DIRECTIONS FOR THIS TASK:
Give back every line of the material below exactly, but no images.

GIVEN DATA:
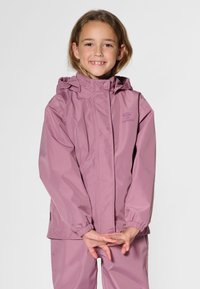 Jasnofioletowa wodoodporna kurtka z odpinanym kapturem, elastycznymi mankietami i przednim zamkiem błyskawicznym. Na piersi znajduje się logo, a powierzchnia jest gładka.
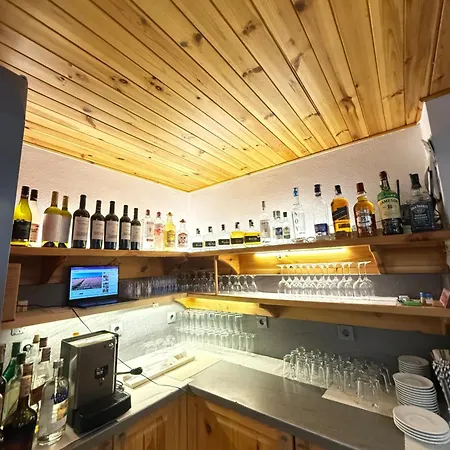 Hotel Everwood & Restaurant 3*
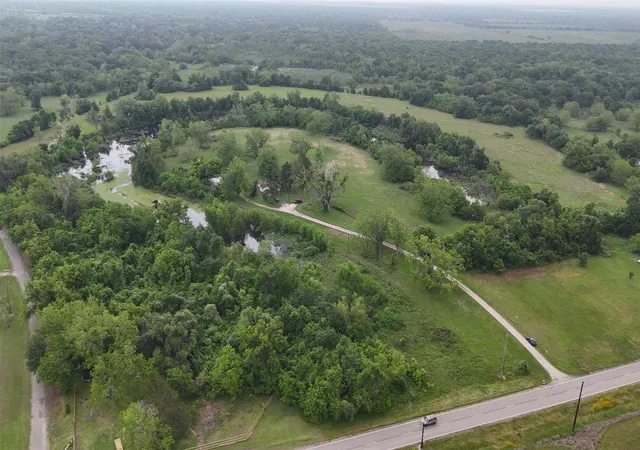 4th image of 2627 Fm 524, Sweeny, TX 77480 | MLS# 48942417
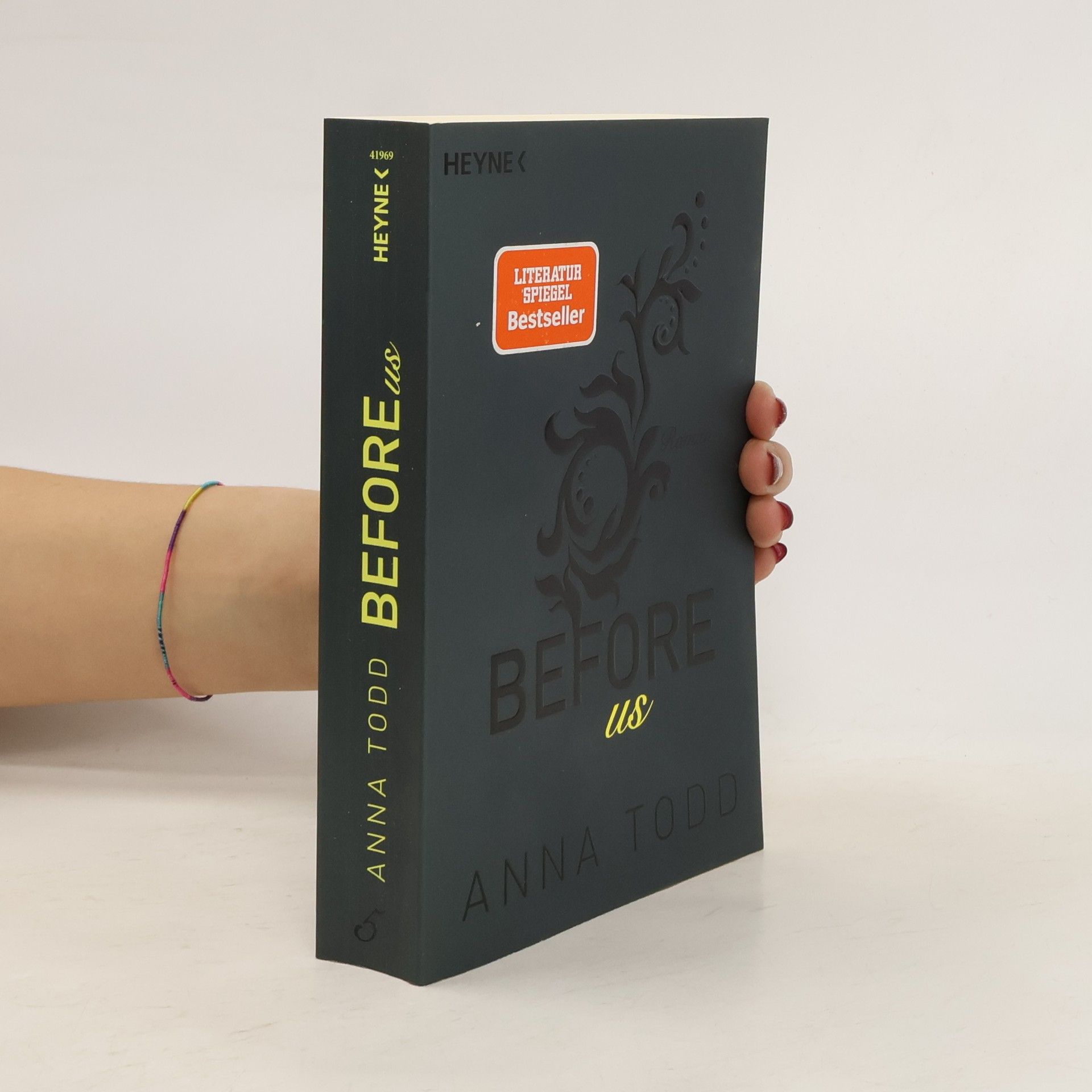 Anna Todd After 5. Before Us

ANSWER SECTION:
 Jasnofioletowa wodoodporna kurtka z odpinanym kapturem, elastycznymi mankietami i przednim zamkiem błyskawicznym. Na piersi znajduje się logo, a powierzchnia jest gładka.
 Hotel Everwood & Restaurant 3*
 4th image of 2627 Fm 524, Sweeny, TX 77480 | MLS# 48942417
 Anna Todd After 5. Before Us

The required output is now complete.